Commanders and leaders
- Jean-Baptiste Jourdan Barthélemy Louis Joseph Schérer François Marceau Honoré Haquin: Count of Clerfayt Count Baillet de Latour

Units involved
- Army of Sambre-et-Meuse: Austrian army

Strength
- 40,000: 25,000

= Battle of Sprimont =

1794 battle of the French Revolutionary Wars

The Battle of Sprimont, or Battle of the Ourthe (18 Sep 1794), was a battle during the War of the First Coalition between a corps of the French revolutionary Army of Sambre-and-Meuse under General Jean-Baptiste Jourdan, and the left wing of an Austrian army under the François Sebastien Charles Joseph de Croix, Count of Clerfayt. The battle was fought to outflank and force the Austrian army away from their defensive line on the Meuse river, and was a French victory.

== Background ==
During the War of the First Coalition waged against the French Revolution, European monarchies such as Austria and Prussia, financed by Britain, attempted to invade France and restore the abolished French monarchy. Fighting raged on multiple fronts, from the Pyrenees to the Alps, the Rhine and Flanders (approximately modern Belgium).

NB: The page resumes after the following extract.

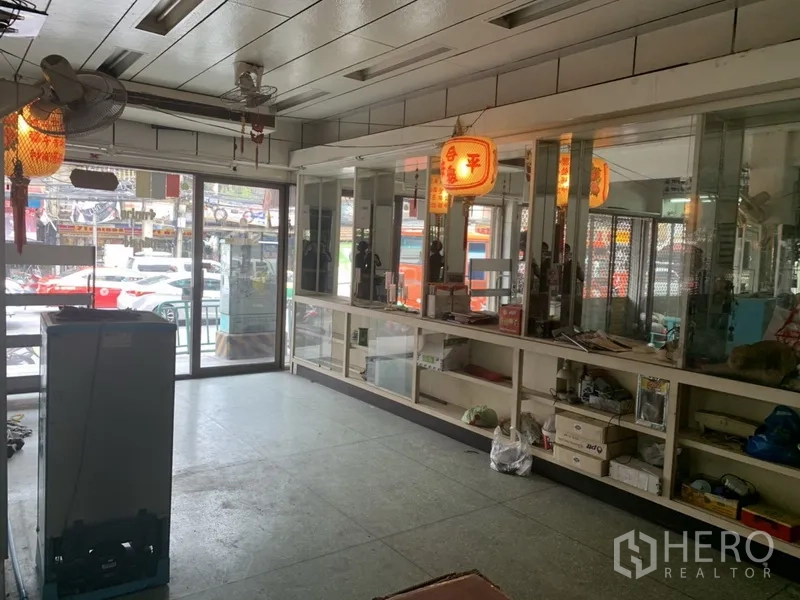 Shophouse for rent in Khlong Toei, Bangkok - Open showroom area with sliding glass doors and built-in glass display cabinets, street view outside.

Flanders, then owned by Austria, was a key theatre of the war due to its relatively open terrain and its proximity to the French northern border, which was the only sector where there was no strong natural defensive boundary to protect from invasion. By 1794, both sides had already fought over it for years. The Allied Coalition army of Austrians, British and Dutch troops aimed to use it as an invasion route to Paris, while the French armies defending that sector aimed to push them back and capture a natural defensive boundary that would protect France in the north while forcing the Allies to make peace.

=== The 1794 campaign ===
The 1794 Flanders campaign had not gone well for the Allies. Despite initial successes in capturing the fort of Landrecies in their centre, they were in turn pushed back on their right flank by General Charles Pichegru's left wing of the Army of the North, which captured Menin, Courtrai and Ypres and fought the battles of Mouscron, Willems, Courtrai, Tourcoing and Tournai. On the Allied left flank, they were also pushed back after repeated attacks across the Sambre by the combined forces of the right wing of the Army of the North, the Army of the Ardennes, and later on the left wing of the Army of the Moselle as well, in the battles of Grand-Reng, Erquelinnes, Gosselies, Lambusart and Fleurus.

On 26 June, the Allied army, then under the command of Prince Josias of Saxe-Coburg-Saalfeld, was defeated in the climactic Battle of Fleurus by Jourdan, who commanded the French forces on the Sambre. After an intense spring full of fighting, Fleurus was the last straw for the morale of the Austrian high command. Already shaky in their resolve to defend Flanders, Austrian diplomats decided to abandon the Low Countries after the battle, and began to plan for a retreat to the Meuse to exit the theatre to the east.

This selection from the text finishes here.